The reason why I was able to get this work to where it is now is because I let go of my ego. I’ve always put pressure on myself to create something fresh, something unique, something visually different, But then one day I asked myself if any of this is actually important. So much of how I view art is through the marriage of aesthetics and philosophy. Knowledge doesn’t come from a vacuum.
I remember thinking about the people who have mentored me and inspired me. That’s when I thought of William Yang. He’s such a huge influence in how the work looks now. He’s the one who introduced me to sex and photography, and the one who showed me that queer Asian folks can be leaders in this space. Historically, Asian folks haven’t been seen as a part of the LGBTQ communities here in Australia. And yet, ironically, every Mardi Gras photo from the 70s and 80s has been taken by William. I just remember talking to him and telling him that I really wanted to adapt his style into my work, and he showed me his processes and shared with me his method.
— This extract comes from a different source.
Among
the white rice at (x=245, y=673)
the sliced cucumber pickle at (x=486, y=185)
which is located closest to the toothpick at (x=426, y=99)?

When people see my work, I want them to be reminded of who William Yang is. Because then it’s connecting me to the history of queer Asian artists in Australia, and reintroducing a new generation of people to his work. I consider him to be such such a treasure — to the community and beyond. There are only a few people like him in this country.
Community is a powerful thing. It’s easier to spread a message through a community than to try and change one person’s mind.
I take a lot of inspiration from the marriage equality campaign in Australia. So much of what made that campaign successful was the storytelling that came from the community. It wasn’t about data and statistics; it was about the story of someone’s brother or someone’s sister, a family member or someone you cared for. Those are the stories I want to tell with my work.